C'est aussi le SDS qui a en charge le dossier du " Front de Libération
Oromo ", encouragé et financé par l'Etat djiboutien.
De
façon générale, il convient de ne pas perdre
de vue que bien qu'Ismaël Omar Guelleh utilise habituellement
des étrangers pour atteindre les objectifs qu'il s'est fixés,
lorsqu'il s'agit d'intervenir hors des frontières de Djibouti
pour donner libre cours à sa politique régionale c'est
exclusivement aux SDS que sont confiés le suivi et la direction
des " opérations " en utilisant les finances publiques
de l'Etat djiboutien et en développant ces actes de subversions
par l'utilisation d'éléments déjà installés
dans la région où " l'opération " doit
se faire.
Bien
qu'aucune loi ne régisse ses activités, entre autre
ses Droits et ses Obligations, en l'absence de toute Justice digne
de ce nom le S.D.S a sous ses ordres la Gendarmerie et la Force Nationale
de Police (F.N.P) à qui il peut confier n'importe quelle enquête
alors que le SDS se charge de traiter comme il l'entend toute affaire
de justice.
Pour
ce faire, il a ses propres hommes et ses propres départements
qui lui permettent de légaliser ses diverses activités,
même les plus illégales.
L'un
de ces départements est celui en charge de l'élimination
physique " d'individus " considérés comme
étant dangereux pour le régime ou pour I.O.G, pour Kadra
Mahamoud Haïd..

Ce
département est considéré comme étant
secret et n'intervient que sur ordre direct d'Ismaël Omar Guelleh
et n'agit qu'après que toutes les conditions politiques et
de " couverture diplomatique " aient été considérées
comme réunies en préalable pour que l'exécution
ait lieu, hormis bien évidemment dans le cas d'une urgence.
Ce
groupe des " Nettoyeurs " est constitué de "

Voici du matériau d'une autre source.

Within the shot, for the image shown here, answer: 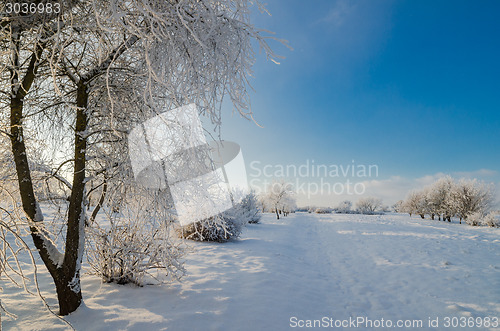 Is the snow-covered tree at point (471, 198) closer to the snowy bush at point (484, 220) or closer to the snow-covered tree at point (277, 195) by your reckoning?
the snowy bush at point (484, 220)

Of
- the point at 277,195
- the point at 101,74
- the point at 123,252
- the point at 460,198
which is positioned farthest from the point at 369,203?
the point at 101,74

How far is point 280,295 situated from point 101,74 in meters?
4.68

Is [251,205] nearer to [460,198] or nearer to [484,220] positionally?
[484,220]

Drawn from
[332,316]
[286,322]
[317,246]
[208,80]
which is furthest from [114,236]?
[317,246]

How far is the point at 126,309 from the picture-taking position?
3463 millimetres

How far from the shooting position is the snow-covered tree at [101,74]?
1994 millimetres

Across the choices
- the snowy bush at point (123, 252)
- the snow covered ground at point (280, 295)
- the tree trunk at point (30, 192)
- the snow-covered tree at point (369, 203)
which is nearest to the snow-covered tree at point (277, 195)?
the snow covered ground at point (280, 295)

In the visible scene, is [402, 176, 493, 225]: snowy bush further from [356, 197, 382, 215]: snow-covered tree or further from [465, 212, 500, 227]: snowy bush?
[356, 197, 382, 215]: snow-covered tree

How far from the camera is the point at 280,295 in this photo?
14.6ft

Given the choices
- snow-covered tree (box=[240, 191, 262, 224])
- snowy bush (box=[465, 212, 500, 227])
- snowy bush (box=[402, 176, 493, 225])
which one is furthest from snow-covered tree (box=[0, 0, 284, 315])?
snowy bush (box=[402, 176, 493, 225])

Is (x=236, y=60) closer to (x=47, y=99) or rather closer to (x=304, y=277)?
(x=47, y=99)

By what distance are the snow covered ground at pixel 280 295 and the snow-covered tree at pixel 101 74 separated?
80 cm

professionnels " dont la fidélité a été
éprouvée au fil des années et d'éléments
occasionnels issus de la délinquance djiboutienne ou régionale.
Généralement
et une fois leur mission accomplie, ces derniers sont purement et
simplement exécutés par les " Nettoyeurs ".
C'est
ainsi qu'après certaines opérations, on a assisté
à des séries d'éliminations en chaîne avec
divers cadavres qui, lorsqu'ils sont retrouvés ce qui n'est
pas souvent le cas, font l'objet d'une enquête de la Police
Nationale qui conclut systématiquement à un suicide
de l'intéressé par immolation.
Dans
le phénomène d'ultime élimination, il sera exécuté
soit par quelques " Nettoyeurs " sûrs de la S.D.S.,
soit il sera le fait d'une équipe réduite de liquidateurs
très proches de la famille d'Ismaël Omar Guelleh ou de
son épouse Kadra Mahamoud Haïd.
Ceci
conduit donc et depuis 4 années à un nombre incalculable
de disparitions inexpliquées de personnes à Djibouti
(que l'on dit officiellement s'être exilées dans l'urgence
mais dont les familles n'auront aucune nouvelle - comme c'est le cas
d'Awalleh Guelleh témoin dans " l'Affaire Borrel ")
d'accidents
de nuit ou de suicides officialisés par
la " Justice locale ".
Nous
aborderons dans des écrits qui vont suivre les autres domaines
de compétences et les interventions du SDS, notamment les actes
menés par Hassan Saïd Madobé, sur ordre d'Ismaël
Omar Guelleh, dans le cadre du trafic des matières nucléaires
vers l'Irak à l'époque de Saddam Hussein.
Les
copies des documents qui sont en notre possession, confirmant nos
affirmations, sont regroupés dans un dossier de synthèse
qui sera remis dans les jours qui viennent aux principales diplomaties
étrangères représentées à Bruxelles
et aux hautes instances de l'ONU comme de l'Union Européenne.
-
M Ali Abdillahi Iftin
Ex
Officier supérieur, commandant la Garde Présidentielle
Chargé
de la Défense et de la Sécurité Nationale
au sein du Gouvernement en Exil de Djibouti.